Florence Copper another mining controversy

It has long been known that an oxide copper deposit lies buried just across the Gila River from the Town of Florence, Arizona. Now, Curis Resources, a Canadian company, proposes to extract the copper, not by digging a mine, but by in-situ leaching. This process involves pumping a weak acid solution (about the same acidity as vinegar) into the ore zone to dissolve the copper minerals and recovering the solution with extraction wells. The copper-laden solution will then go through a solvent extraction/electrowinning (SX/EW) process to produce metallic copper.

The map below shows the location of the project and the surrounding countryside. Notice that the immediate surrounding land is either desert or agricultural.

Florence1

The mining project is being opposed, not by environmentalists, but by real estate developers. The developers want to do this:

Florence4Homes

The Real Estate developers are concerned that the mining operation will detract from the desirability of their plans. They also allege that water quality will be impacted. The Real Estate developers have formed a group called “Protect Our Water Our Future.” See that link for their side of the story.

Curis Resources claims that because the copper deposit occurs below a clay layer, the aquifer will be protected and the acidic copper-laden solutions will be contained. That is according to an extensive hydrological study. Also they will have a network of monitoring wells.

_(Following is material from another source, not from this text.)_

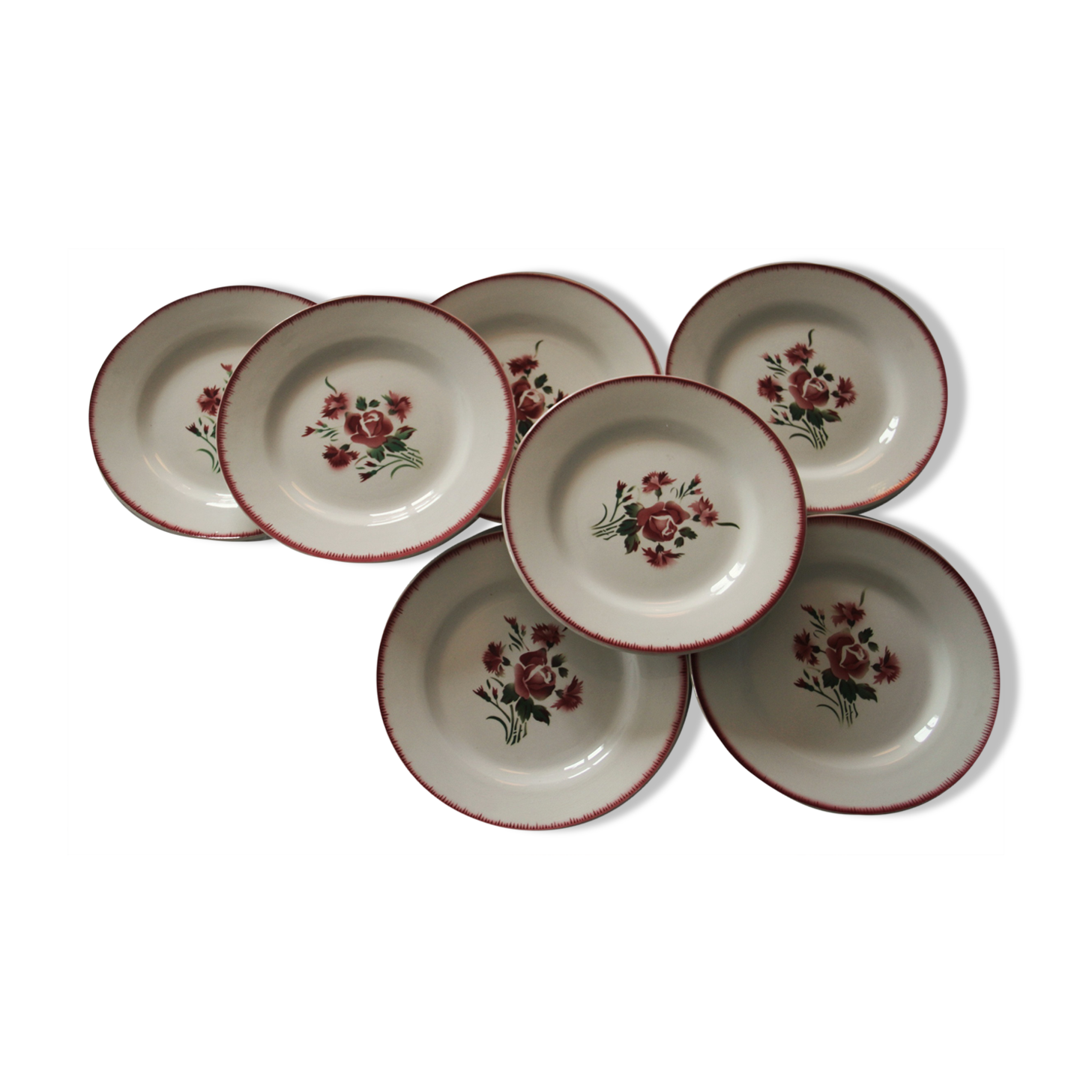 Set of 7 Digoin plates, Sarreguemine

Curis Resources says that “Over a 17-year life-of-project, the Florence Copper Project has the potential to directly and indirectly support 2,090 jobs in the United States, including: 250 jobs in the Town of Florence; 370 jobs in Pinal County; and 1,090 jobs in the State of Arizona. Personal income earned by Florence area residents as a result of the Florence Copper Project is expected to total more than $106 million over the life of the project.” Curis goes on to say, “direct and indirect economic contributions will total more than $290 million. This includes $136 million in local government revenues, $47.6 million in local business revenues and more than $106 million in personal income.”

To see the Curis Resources side of the story visit their main website here.

Among the Curis data is a community presentation which includes how the area will look during operations and after operations, the economic impact, and the water concerns, see here.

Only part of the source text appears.